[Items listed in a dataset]
··········

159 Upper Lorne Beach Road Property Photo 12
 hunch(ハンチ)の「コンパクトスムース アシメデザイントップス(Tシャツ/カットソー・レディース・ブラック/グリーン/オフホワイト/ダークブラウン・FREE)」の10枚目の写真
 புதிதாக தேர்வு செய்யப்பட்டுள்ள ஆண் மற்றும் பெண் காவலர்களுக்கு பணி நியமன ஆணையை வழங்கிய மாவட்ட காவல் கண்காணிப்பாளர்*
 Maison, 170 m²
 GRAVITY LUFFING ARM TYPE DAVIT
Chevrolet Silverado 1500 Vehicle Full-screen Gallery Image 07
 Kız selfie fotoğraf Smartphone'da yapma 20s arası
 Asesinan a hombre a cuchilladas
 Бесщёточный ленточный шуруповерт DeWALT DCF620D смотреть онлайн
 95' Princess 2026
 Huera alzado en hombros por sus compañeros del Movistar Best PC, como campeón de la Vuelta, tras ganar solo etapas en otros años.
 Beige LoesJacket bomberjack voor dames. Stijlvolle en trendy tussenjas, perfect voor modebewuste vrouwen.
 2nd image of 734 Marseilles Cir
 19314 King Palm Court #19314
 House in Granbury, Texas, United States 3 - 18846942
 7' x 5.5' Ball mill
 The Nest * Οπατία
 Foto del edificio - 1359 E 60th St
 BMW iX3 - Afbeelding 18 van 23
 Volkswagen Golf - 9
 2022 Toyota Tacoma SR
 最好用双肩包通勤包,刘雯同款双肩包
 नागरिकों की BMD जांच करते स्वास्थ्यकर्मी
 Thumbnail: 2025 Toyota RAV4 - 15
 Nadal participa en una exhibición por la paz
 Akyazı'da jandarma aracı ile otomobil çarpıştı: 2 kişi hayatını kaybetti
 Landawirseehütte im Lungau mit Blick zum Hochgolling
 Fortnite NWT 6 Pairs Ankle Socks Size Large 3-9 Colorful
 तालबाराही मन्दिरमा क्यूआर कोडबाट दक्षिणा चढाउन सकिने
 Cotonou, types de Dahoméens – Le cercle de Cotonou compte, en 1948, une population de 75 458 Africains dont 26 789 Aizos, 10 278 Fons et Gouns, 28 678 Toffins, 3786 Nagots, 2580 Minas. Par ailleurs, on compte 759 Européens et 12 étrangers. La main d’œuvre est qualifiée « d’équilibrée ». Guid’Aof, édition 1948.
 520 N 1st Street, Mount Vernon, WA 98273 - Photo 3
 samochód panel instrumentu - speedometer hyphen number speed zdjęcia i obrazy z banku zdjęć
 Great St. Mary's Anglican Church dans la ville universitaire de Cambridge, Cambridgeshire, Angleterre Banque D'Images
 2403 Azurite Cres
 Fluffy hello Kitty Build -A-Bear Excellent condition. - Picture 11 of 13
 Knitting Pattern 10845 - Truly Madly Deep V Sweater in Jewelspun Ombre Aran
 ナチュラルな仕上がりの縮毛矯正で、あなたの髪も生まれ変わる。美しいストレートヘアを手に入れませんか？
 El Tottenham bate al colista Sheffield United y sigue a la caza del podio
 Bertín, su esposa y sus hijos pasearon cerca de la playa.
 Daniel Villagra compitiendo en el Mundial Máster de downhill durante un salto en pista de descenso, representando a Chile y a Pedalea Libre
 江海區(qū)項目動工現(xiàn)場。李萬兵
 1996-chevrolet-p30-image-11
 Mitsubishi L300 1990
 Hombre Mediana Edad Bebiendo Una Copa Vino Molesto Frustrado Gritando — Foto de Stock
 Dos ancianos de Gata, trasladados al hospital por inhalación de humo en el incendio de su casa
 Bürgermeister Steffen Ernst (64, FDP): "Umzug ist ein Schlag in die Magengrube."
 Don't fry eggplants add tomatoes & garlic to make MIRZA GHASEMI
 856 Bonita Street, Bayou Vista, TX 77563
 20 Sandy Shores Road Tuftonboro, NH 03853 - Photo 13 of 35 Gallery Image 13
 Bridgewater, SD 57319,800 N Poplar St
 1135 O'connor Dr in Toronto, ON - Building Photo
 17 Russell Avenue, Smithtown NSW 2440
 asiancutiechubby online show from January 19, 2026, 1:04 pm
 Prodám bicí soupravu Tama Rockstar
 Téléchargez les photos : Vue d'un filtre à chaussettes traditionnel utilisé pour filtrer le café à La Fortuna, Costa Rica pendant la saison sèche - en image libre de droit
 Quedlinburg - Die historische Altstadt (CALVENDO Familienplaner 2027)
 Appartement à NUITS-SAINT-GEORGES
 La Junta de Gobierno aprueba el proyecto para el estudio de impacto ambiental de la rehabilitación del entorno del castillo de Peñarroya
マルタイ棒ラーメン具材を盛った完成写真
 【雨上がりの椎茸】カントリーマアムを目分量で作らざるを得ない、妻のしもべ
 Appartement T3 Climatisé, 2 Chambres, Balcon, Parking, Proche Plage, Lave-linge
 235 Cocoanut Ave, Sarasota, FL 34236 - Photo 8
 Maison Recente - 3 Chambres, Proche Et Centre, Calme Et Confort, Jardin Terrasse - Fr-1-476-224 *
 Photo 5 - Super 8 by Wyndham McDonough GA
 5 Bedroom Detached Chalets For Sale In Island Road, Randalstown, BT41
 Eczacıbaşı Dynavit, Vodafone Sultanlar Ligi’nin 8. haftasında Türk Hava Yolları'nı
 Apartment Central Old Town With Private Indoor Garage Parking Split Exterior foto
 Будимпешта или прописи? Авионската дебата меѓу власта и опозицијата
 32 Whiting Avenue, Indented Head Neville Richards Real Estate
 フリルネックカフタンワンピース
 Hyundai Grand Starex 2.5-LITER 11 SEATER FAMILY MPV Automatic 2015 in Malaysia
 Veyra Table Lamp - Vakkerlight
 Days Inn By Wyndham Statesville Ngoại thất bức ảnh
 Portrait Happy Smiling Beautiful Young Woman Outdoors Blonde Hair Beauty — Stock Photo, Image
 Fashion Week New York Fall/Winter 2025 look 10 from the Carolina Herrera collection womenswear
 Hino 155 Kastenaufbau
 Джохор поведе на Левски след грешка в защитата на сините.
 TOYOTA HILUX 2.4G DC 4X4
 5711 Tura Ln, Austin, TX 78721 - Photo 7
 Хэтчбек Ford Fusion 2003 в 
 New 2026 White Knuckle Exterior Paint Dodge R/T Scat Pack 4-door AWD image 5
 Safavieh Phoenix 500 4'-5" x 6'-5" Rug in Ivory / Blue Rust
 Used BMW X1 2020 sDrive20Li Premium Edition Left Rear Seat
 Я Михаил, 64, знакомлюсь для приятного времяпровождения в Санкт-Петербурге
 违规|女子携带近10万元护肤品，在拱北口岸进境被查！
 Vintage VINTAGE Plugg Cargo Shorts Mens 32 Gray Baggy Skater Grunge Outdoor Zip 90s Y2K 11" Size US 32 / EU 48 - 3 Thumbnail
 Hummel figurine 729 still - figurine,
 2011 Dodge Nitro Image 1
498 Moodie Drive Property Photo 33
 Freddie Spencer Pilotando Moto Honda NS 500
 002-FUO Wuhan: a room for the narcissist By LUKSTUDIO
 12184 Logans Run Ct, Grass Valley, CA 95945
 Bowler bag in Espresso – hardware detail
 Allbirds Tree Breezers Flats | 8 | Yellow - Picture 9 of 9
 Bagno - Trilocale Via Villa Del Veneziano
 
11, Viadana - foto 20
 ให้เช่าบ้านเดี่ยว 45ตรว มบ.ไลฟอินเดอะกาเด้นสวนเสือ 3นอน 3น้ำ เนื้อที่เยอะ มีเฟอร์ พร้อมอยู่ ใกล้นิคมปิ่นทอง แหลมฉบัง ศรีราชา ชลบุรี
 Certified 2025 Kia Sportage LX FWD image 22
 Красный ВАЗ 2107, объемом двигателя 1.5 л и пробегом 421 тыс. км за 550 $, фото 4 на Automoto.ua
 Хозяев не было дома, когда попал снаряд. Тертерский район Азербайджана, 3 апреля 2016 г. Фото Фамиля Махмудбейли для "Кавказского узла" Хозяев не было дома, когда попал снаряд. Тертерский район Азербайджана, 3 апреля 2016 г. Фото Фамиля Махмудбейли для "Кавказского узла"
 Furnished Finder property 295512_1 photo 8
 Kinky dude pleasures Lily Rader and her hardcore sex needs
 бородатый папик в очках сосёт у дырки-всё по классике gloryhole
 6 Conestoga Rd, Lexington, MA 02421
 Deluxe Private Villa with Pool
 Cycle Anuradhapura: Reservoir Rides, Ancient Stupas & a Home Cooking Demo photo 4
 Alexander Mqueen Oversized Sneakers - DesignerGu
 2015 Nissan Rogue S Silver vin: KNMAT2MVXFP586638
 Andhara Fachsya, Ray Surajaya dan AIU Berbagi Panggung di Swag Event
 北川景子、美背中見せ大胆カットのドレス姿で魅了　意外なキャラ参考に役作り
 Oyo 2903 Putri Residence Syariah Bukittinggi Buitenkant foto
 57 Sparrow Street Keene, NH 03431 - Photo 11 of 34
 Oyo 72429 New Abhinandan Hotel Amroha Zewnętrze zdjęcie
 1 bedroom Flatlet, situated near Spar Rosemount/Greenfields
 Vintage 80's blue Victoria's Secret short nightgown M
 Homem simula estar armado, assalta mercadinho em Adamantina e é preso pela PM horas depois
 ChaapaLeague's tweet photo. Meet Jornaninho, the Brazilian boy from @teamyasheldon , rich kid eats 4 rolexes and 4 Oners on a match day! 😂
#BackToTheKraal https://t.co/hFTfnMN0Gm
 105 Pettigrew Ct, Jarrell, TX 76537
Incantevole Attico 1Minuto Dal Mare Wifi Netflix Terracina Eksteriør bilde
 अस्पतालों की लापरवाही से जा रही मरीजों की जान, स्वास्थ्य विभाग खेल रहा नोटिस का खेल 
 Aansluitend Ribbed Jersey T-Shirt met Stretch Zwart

··········

-- WORK INSTRUCTION --
Look above for the line holding "Fluffy hello Kitty" and the line holding "Bertín, su esposa", then output exactly those two lines and every line between them, nothing more.

-- YOUR SOLUTION --
 Fluffy hello Kitty Build -A-Bear Excellent condition. - Picture 11 of 13
 Knitting Pattern 10845 - Truly Madly Deep V Sweater in Jewelspun Ombre Aran
 ナチュラルな仕上がりの縮毛矯正で、あなたの髪も生まれ変わる。美しいストレートヘアを手に入れませんか？
 El Tottenham bate al colista Sheffield United y sigue a la caza del podio
 Bertín, su esposa y sus hijos pasearon cerca de la playa.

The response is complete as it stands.